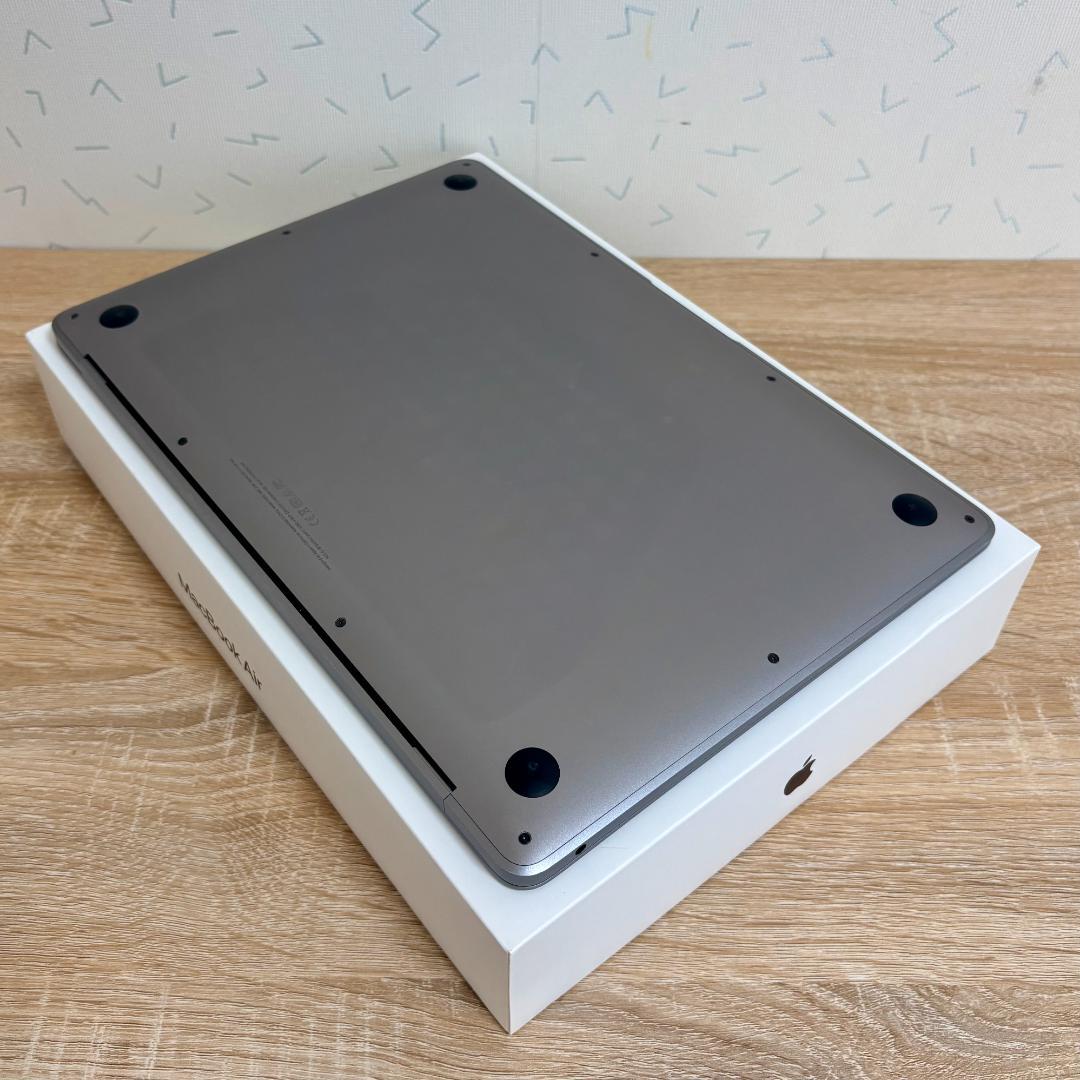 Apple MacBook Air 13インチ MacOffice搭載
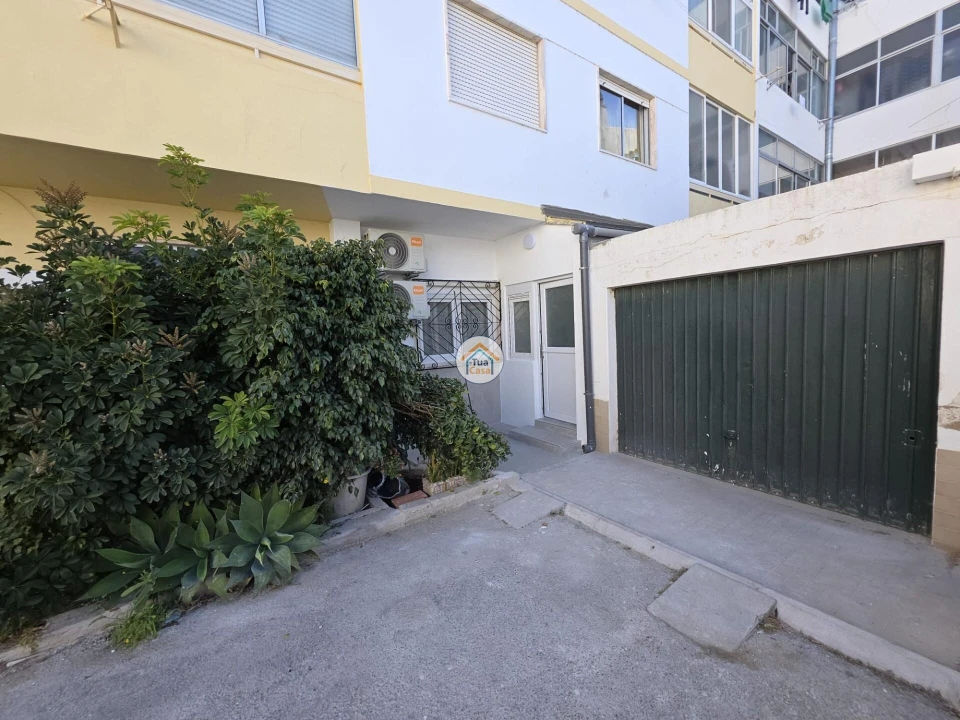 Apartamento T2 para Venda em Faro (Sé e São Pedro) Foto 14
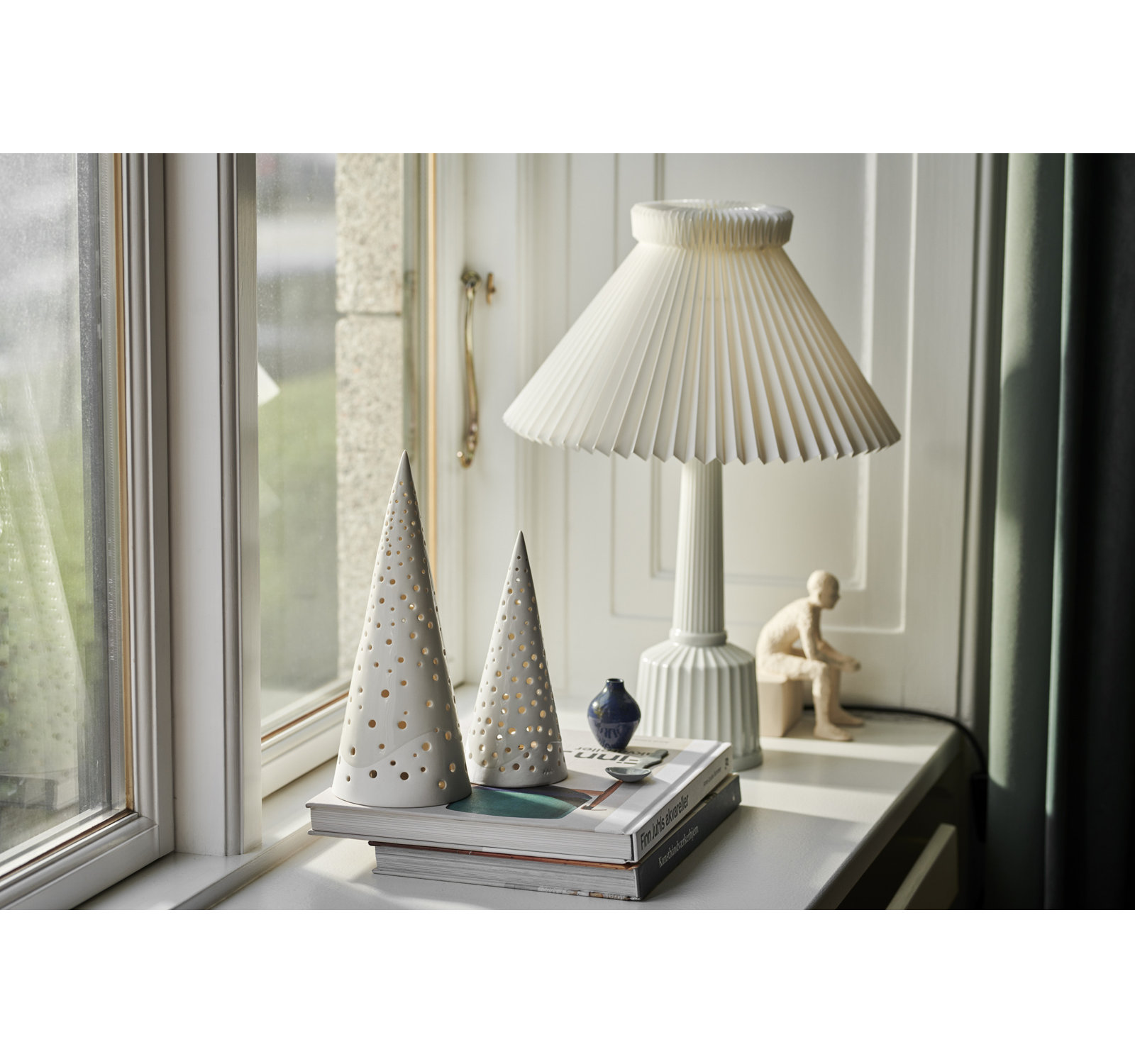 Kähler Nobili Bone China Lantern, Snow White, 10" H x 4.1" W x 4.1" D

..........

• AIM OF THE EXERCISE: Give back the data exactly. Pictures stay out.

• RESPONSE TO THE TASK:
 Apple MacBook Air 13インチ MacOffice搭載
 Apartamento T2 para Venda em Faro (Sé e São Pedro) Foto 14
 Kähler Nobili Bone China Lantern, Snow White, 10" H x 4.1" W x 4.1" D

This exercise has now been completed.